The worry I hear most is, “If I let myself feel, I’ll drown.” You won’t. Feeling is not the same as wallowing. It is focused, time-bound, and skillful. It is the choice to face the wave and breathe through it, not to stand with your back to the ocean.

Here is a simple, repeatable plan that works in real life:

  • Name it: “Sad,” “angry,” “scared,” or “ashamed.” Use plain words.
  • Breathe slow for 90 seconds. In through the nose, out longer than in.
  • Locate it in the body. Chest tight? Gut heavy? Notice without fixing.
  • Move it. Walk, stretch, shake out your hands. Motion helps emotion move.
  • Write one page. No edits. Stop after the page. Burn it if you want.
  • Tell one safe person the headline, not the whole story.

These steps keep you present and out of spirals. They build capacity, the way lifting builds muscle. A little, often, beats a lot, rarely.

Answering the Pushback

Some say, “Feeling is indulgent.” No. It is maintenance. People who feel cleanly react less, decide better, and apologize faster. Others argue, “I don’t have time.” You’re already paying in lost focus, poor sleep, and conflict. Ten minutes of honest feeling saves hours of repair later.
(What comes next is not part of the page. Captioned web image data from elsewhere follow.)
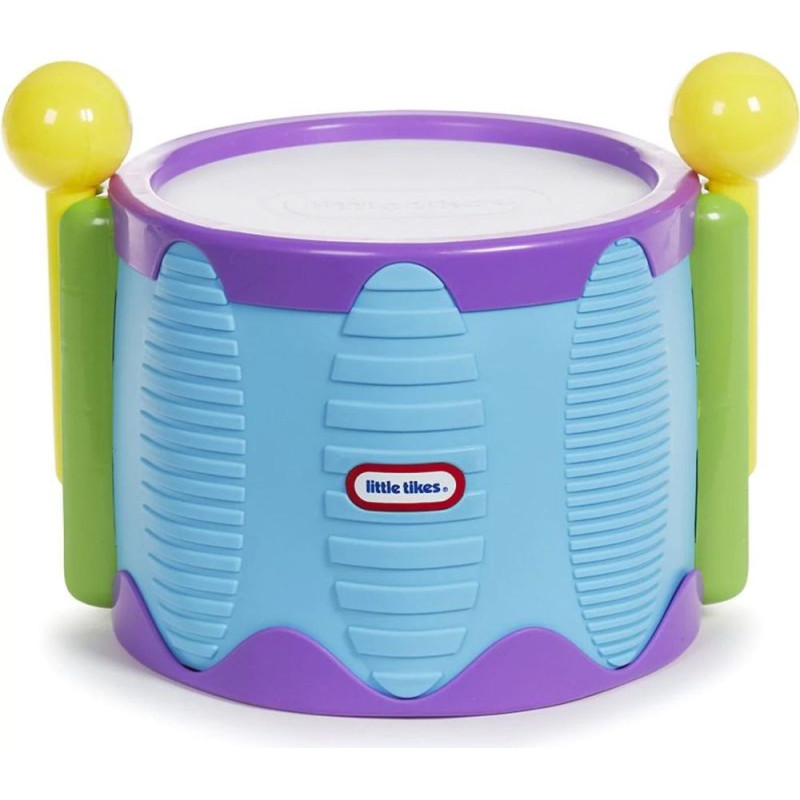 Little Tikes : Learn  Play - Tap-A-Tune® Drum (643002EUCG)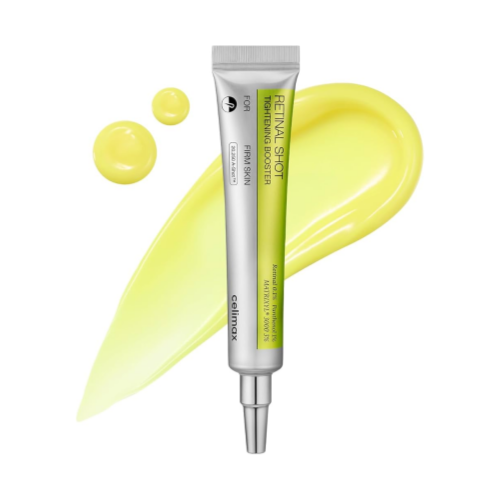 Celimax Retinal Shot Tightening Booster Serum 15Ml - ZM Cosmetics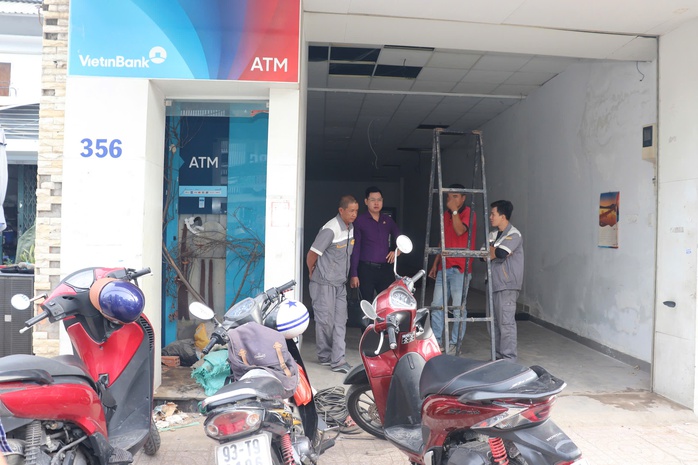 Quận 3 "cán đích" giao 100% mặt bằng cho Metro số 2- Ảnh 2. Quận 3 "cán đích" giao 100% mặt bằng cho Metro số 2- Ảnh 2.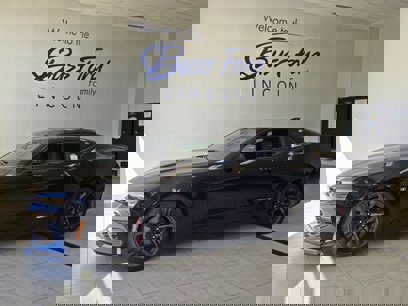 Used 2018 Chevrolet Camaro SS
There’s also fear of being judged. Here’s the reframe: courage is felt, not posed. Teams and families trust leaders who can say, “That hurt—and I’m here.” That’s steadiness, not weakness.
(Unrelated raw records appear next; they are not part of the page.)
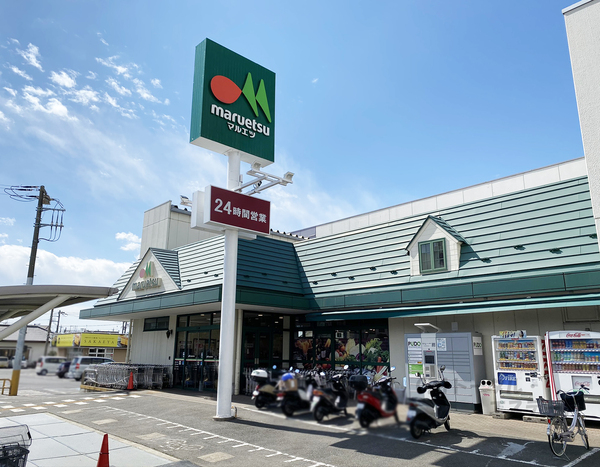 市川市下貝塚２丁目の中古一戸建て(マルエツ高塚店　高塚新田)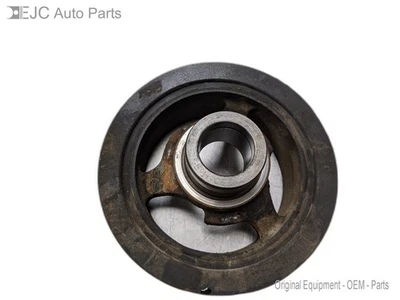 Crankshaft Pulley For 15-21 Ford Expedition  3.5 HL3E6312AA Turbo - Image 1 of 4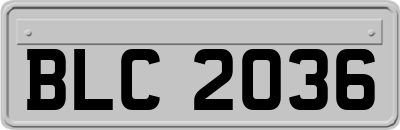 BLC2036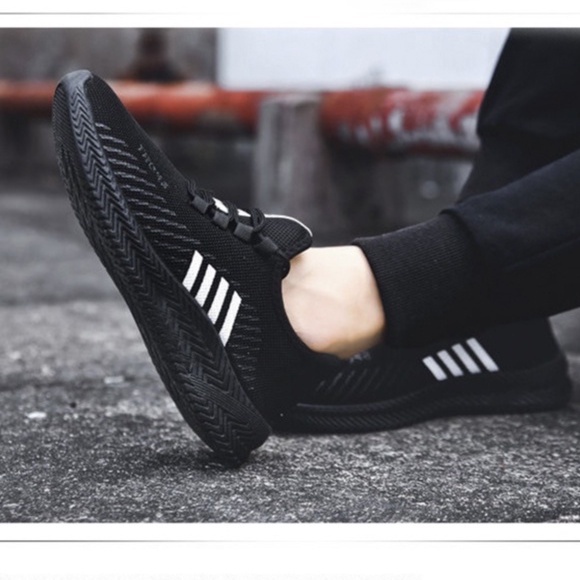 GEMMA-Sepatu Pria Import Sneakers Sport Casual Sepatu Sneaker Pria Sport Terbaru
A Challenge to Leaders and Parents

Leaders set the emotional weather. Parents do too. If we model avoidance, people learn to hide. If we model clean feeling and clean repair, people learn to heal. That choice can change a home, a team, even a culture.

“The longer you push your feelings away, the more they accumulate.”

My stance will not change: feel now or carry it later. Feeling now costs courage. Carrying it later costs your life.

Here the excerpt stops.